The level of water in this area had not been seen before, so no accurate assessment could be made on how long this inundation would last. A subsequent hydrological assessment was conducted with the results indicating that whilst the surface water may dissipate by the end of November 2004, it was unknown when the saturated soil profiles would dry.

Waiting and hoping that the ground conditions would return to a state that would allow normal pipeline construction techniques was not considered the best option for the fastest completion of the pipeline. GasNet and McConnell Dowell had dealt with the temperature extremes of the desert and now needed to implement a solution to tackle the extremes caused by TC Fay. Both parties, together with Newcrest Mining took action to complete construction around and through areas of the RoW still inundated with water. Safety, environment, land access and existing design conditions had to be reviewed and new/additional approvals obtained to enable works to recommence.

The solution was to re-align the pipeline route in one area and to build a platform that was high and dry and would allow for pipeline construction activities to recommence through another inundated area. Following the grant of environmental approvals by the Western Australia Government, approximately 40,000 cubic metres of rock was placed along the RoW in a section approximately 15 km long to form a temporary working platform (TWP). The TWP allows pipeline construction equipment to access the RoW to string, weld and coat the pipeline. The pipeline trench is then constructed through the inundated areas using excavators on swamp mats.

The pipeline is then wrapped in a protective wrapping, placed in the trench using excavators with slings and weighted down through the water, using sit on pipe weight saddles. All this work requires specialised construction techniques and skilled operators to ensure that the pipeline is laid to the same safety and quality standards as the rest of the Telfer Pipeline Project.

At the time of TC Fay, pipeline construction had reached approximately KP 250 with lower and lay, and KP 430 with front end clear and grade activities. At the time of writing this article the construction of the TWP was largely complete. It is anticipated that the construction of the pipeline through the inundated areas will be conducted in the last week of September to early October 2004. The conditions encountered during the construction of this pipeline have been extreme and the actions taken have been both ingenious and dramatic. These actions have enabled the project to now forecast a gas supply date of late November 2004.

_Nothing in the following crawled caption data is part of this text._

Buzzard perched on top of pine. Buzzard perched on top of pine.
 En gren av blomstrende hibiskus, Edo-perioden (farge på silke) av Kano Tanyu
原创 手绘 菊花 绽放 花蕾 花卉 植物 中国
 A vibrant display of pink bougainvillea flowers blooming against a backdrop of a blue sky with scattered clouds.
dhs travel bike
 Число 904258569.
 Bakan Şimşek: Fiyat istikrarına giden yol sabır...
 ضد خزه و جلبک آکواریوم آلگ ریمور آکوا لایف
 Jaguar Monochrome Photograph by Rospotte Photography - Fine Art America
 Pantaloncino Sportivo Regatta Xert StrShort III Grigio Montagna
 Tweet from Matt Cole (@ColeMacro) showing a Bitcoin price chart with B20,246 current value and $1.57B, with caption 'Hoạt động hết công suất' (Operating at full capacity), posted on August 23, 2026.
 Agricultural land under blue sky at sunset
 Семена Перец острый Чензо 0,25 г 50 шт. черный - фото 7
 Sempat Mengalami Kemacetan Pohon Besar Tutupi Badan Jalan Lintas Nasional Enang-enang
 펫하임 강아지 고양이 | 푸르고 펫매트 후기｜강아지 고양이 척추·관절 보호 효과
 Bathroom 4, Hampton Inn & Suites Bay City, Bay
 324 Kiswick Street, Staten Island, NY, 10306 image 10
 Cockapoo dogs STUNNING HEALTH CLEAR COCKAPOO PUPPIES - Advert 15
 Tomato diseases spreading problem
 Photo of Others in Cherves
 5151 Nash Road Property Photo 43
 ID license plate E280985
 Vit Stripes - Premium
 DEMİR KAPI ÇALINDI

Once a pipeline project like this has been successfully completed, the difficulties encountered along the way are often forgotten. What won’t be forgotten on this project are the invaluable experiences learnt by GasNet, McConnell Dowell and Newcrest Mining in delivering a project of this magnitude through Australia’s harsh and unpredictable environments. The Telfer Pipeline has thrown almost every extreme at what is GasNet’s first major project outside the state of Victoria. By the end of this year the Telfer Pipeline will be another quality asset behind GasNet’s name. The experiences gained through this project only add to GasNet’s abilities and further demonstrate GasNet’s unwavering commitment to delivering successful projects to its customers, whatever the extremes.